Peter Gabriel’s ‘Big Blue’ Musical Mashup

Weekend Edition Sunday, June 22, 2008 – In 1986, English musician Peter Gabriel opened the doors to his legendary Real World Studios in Wiltshire, England. Over the years, musicians from Bonnie Raitt and Deep Purple to Robert Plant and Nigel Kennedy have recorded at the former grain mill, surrounded by sheep farms 100 miles west of London.
But Real World has always been more than just a place for heavy hitters to lay down tracks and dash off rock mixes. Its mission has also been to provide a state-of-the-art space for musicians from around the world to meet and mingle, try out new sounds and bounce ideas off each other. The so-called “recording weeks” of the early ’90s were examples of just that — some 75 artists from 20 countries came to play.
“I think we were trying to get a number of records done, as well,” Gabriel says. “But I think the exciting thing for a lot of us was that there were musicians from all over the world — songwriters, poets, all thrown together — and all sorts of connections happened.”
In those heady days of musical experimentation, artists recorded in all nooks and crannies of the complex, and so many tapes piled up that they started to run out of room to store them. Almost two decades later, the tapes from the recording weeks are finally sorted. On Tuesday, the album Big Blue Ball comes out on Real World Records.
Many points of the globe are represented on Big Blue Ball. There’s Congolese singer Papa Wemba, Sinead O’Connor from Ireland, the Holmes Brothers’ American gospel, string players from Egypt, percussion from Japan and flute playing from China. Peter Gabriel acted as curator and sings on several tracks. He and co-producers Stephen Hague and Karl Wallinger spoke with Liane Hansen about the project.

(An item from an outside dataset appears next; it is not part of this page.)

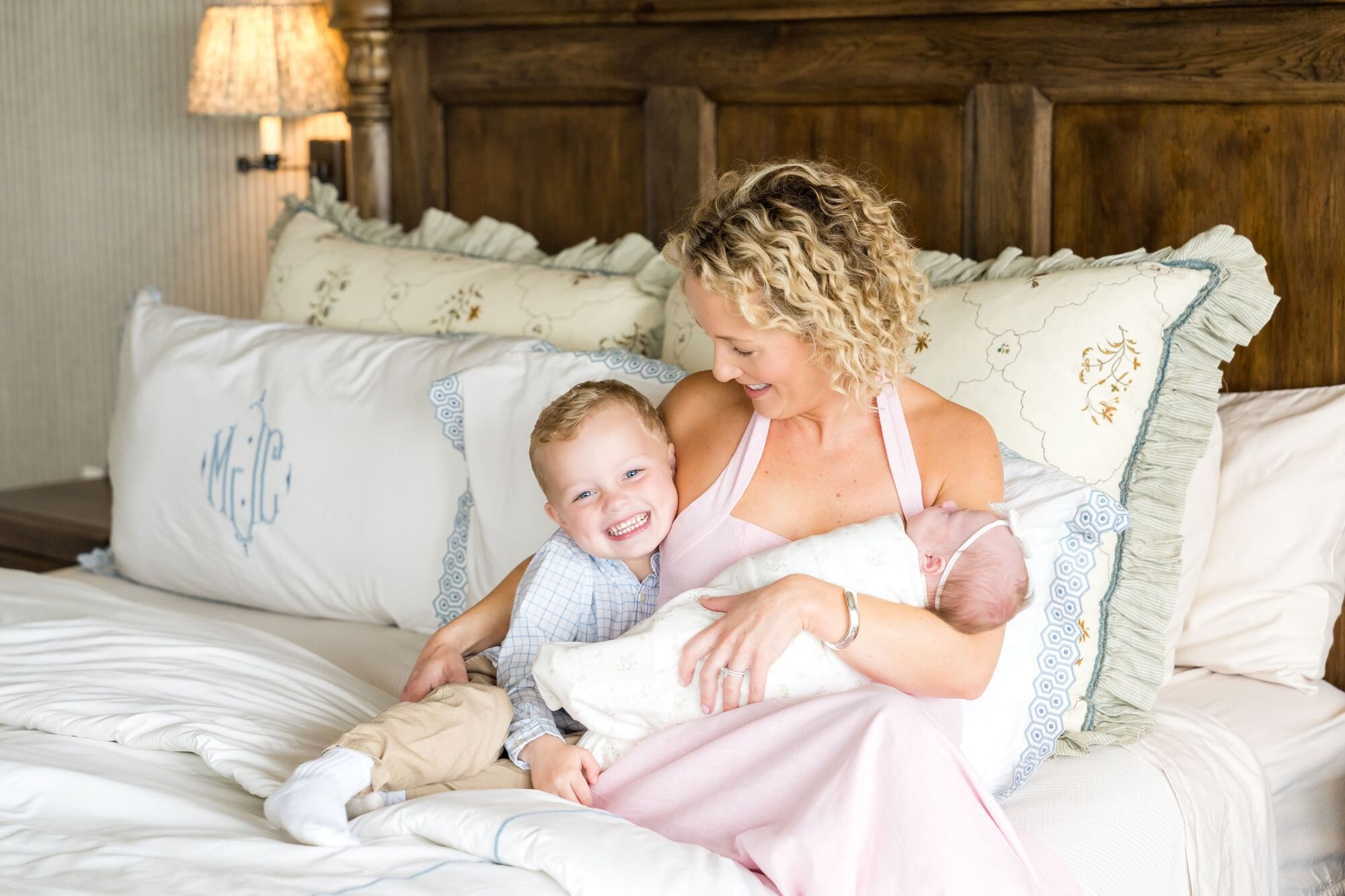 Laughing big brother snuggling mom and his newborn sibling on the bed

“It was just like a musical health farm, really,” Wallinger says. “There wasn’t any considerations other than the sounds you heard in the room, which were always pretty extraordinary and played by people who had been mastering their instrument in whatever way for however many years. I think the collective musical years that had gone down amongst everybody there would have been well into the thousands.”